Richard wore a beautiful long-sleeved black dress with two giant slits up the front, which forced her to maneuver with caution to guarantee she didn’t share too much of herself with the crowd. Maybe it was all that real hip-hop that gave Richard quite the potty mouth as she slayed a performance of Dirty Money’s “Ass On The Floor” and “Hello Good Morning.” Diddy would’ve been proud. Solano was on double duty as DJ but took a break from spinning to hit the stage and show off her talents as an MC. Lyrically gifted, she performed “That’s Not It,” which samples a piece of Salt-N-Pepa‘s “Whatta Man” on the chorus.
But it wasn’t just ladies’ night at Gramercy Theater; the fellas came out to play as well. Surprisingly punctual, headliner Kendrick Lamar took the audience on an intimate escapade recounting moments of his childhood throughout his performance. He referred to the crowd as “family” as he expressed his gratitude for supporting him thus far in his career. Midway through his show he brought out a stool to sit on, and for a moment I thought he was going to light a candle and ask us to snap our fingers, but instead he shared another one of his autobiographical stories. Thank goodness.
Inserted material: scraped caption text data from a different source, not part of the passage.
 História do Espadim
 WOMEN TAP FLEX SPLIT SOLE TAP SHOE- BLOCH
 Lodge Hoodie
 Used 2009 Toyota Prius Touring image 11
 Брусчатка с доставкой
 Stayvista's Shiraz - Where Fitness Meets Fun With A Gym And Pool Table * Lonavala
Lamar could really do no wrong; everyone there came to see him, so the crowd acted as hype man for every song he rapped, reciting each word along with him. In between favorites like “Spiteful Chant” and “Blow My High,” he called on the audience members to Tweet him which songs they wanted him to perform. Even though a noticeable response of “Michael Jordan” was being hollered out each time he asked, he unfortunately didn’t get around to that request. Still by the end of his show he had captivated the room so much you could feel the disappointment when he exited the stage.